Ceny ropy drgnęły w dół w poniedziałek po południu, kiedy pojawiły się spekulacje, że kolejny tropikalny huragan nie wyrządzi szkód instalacjom naftowym w Zatoce Meksykańskiej.

Jak dotąd huragan Edourad nie spowodował zakłóceń w wydobyciu ropy naftowej po amerykańskiej stronie Zatoki Meksykańskiej. Według ostatnich doniesień żywioł ominie rafinerię Exxon Mobil w Byatown i instalacje BP w Texas City.

Na początku regularnej sesji w Nowy m Jorku cena za baryłkę spadła 1,10 dol., lub o 0,9 proc., do 124 dolarów. W porównaniu z rekordowym notowaniem z 11 lipca, kiedy za baryłkę płacono 147,27 dol., cena spadła o 16 proc.
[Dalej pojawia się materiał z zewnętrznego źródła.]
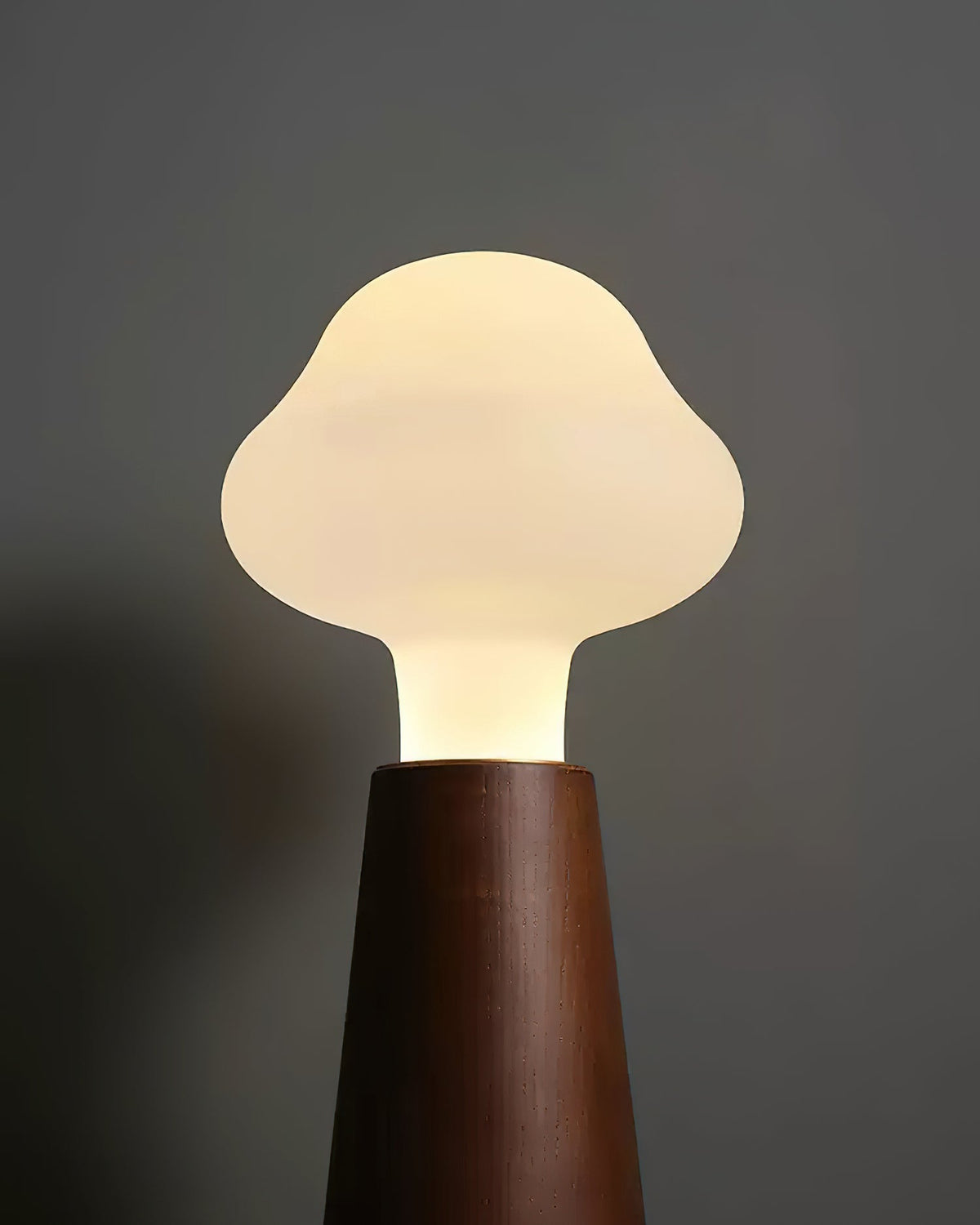 Mushio Wood Cloud Table Lamp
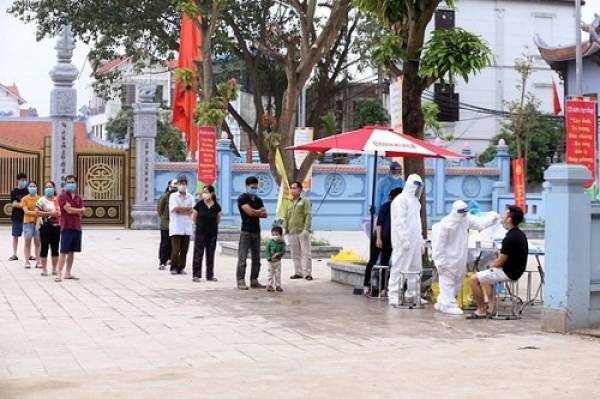 Hà Nội: Người dân khi mua thuốc cảm, ho, sốt tại hiệu thuốc đều phải khai báo y tế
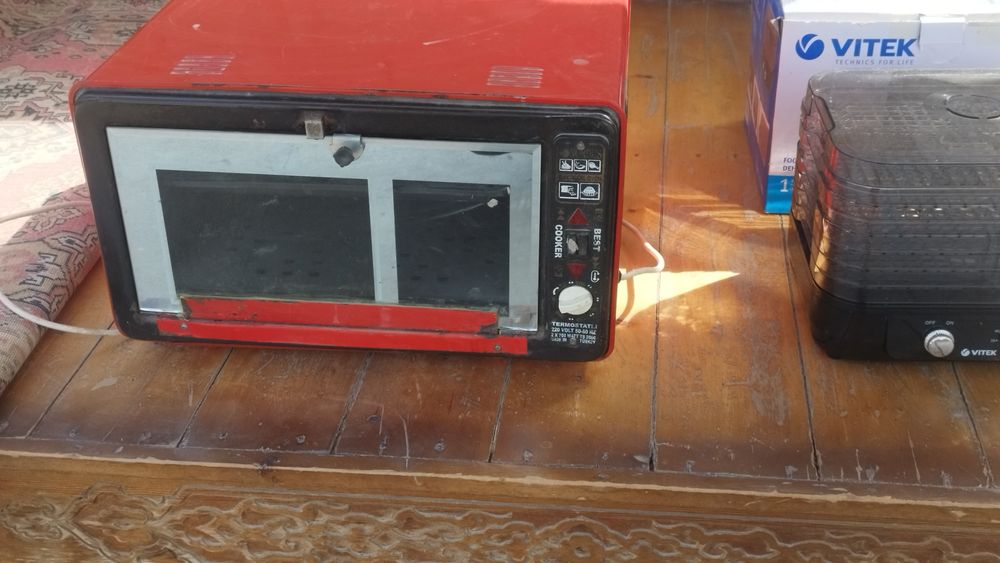 Срочно продаётся печь для выпечки  в хорошем состоянии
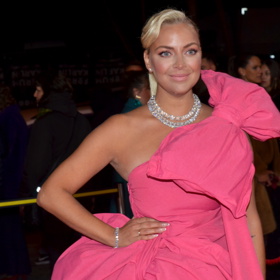 Markéta asymetrickou róbu doplnila výraznými šperky, především víceřadým náhrdelníkem a náramkem v podobném dezénu.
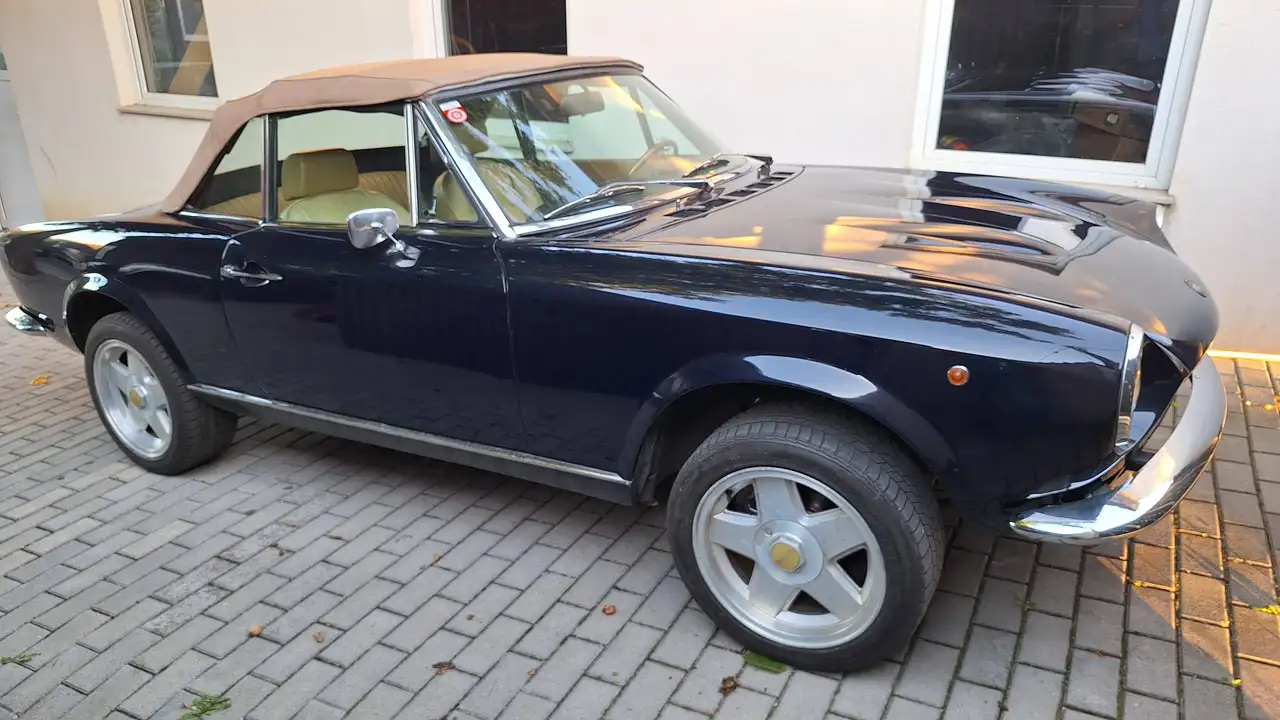 Fiat 124 Spider CS1 Historisch, foto 8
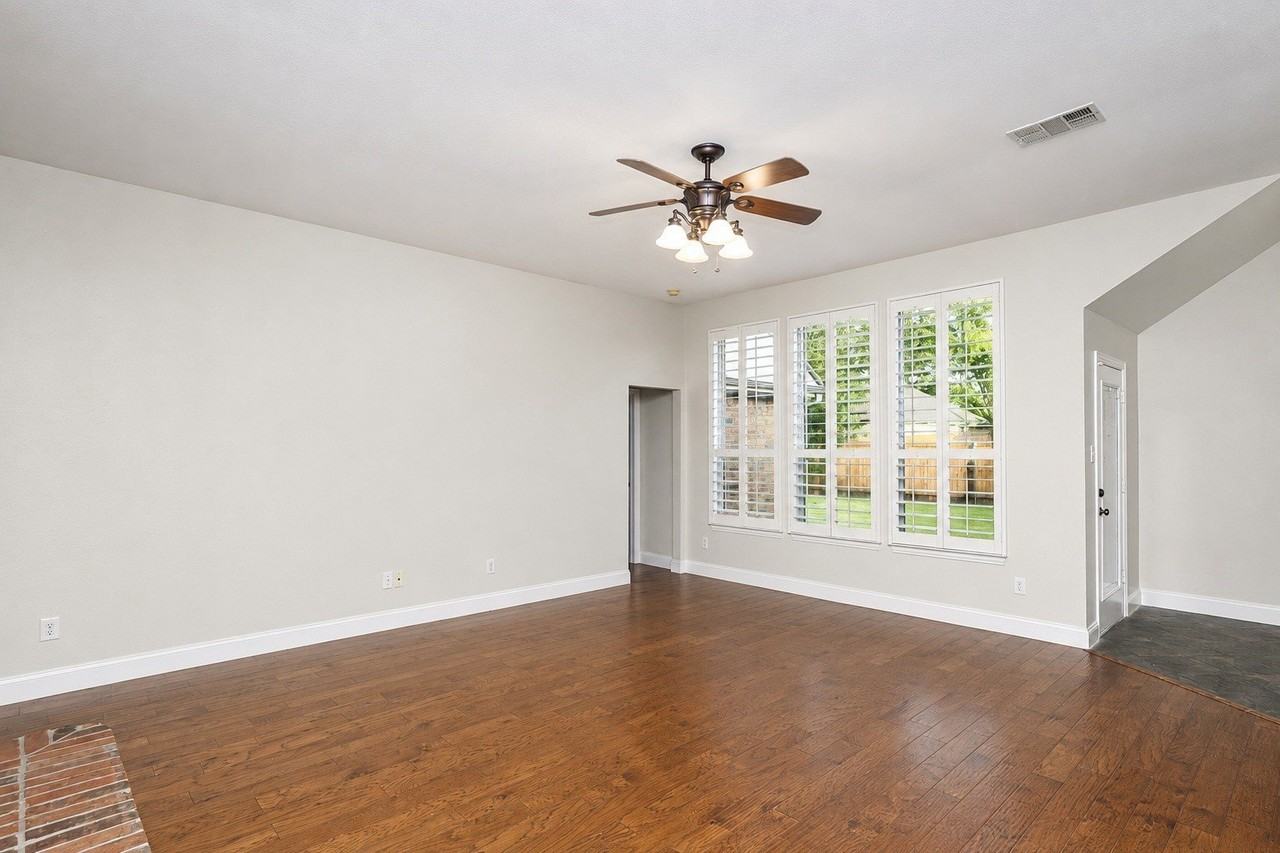 1816 Caddo Lake Dr - Photo 6 of 19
Na spadek ropy wpływa również mniejsze zapotrzebowania na benzynę w USA, gdzie konsumuje się jedną czwartą światowych dostaw surowca, oraz powolne umacnianie się dolara, co sprawia, że inwestowanie w surowce staje się mniej atrakcyjne.

Reklama

Menedżerowie funduszy hedżingowych i inni spekulanci już w zeszłym tygodniu zmniejszyli wielkość stawek lokowanych w ropę, właśnie z powodu spadających cen.

Wrześniowa Brent potaniała w Londynie o 79 centów, czyli 0,6 proc., do 123,39 dol. za baryłkę.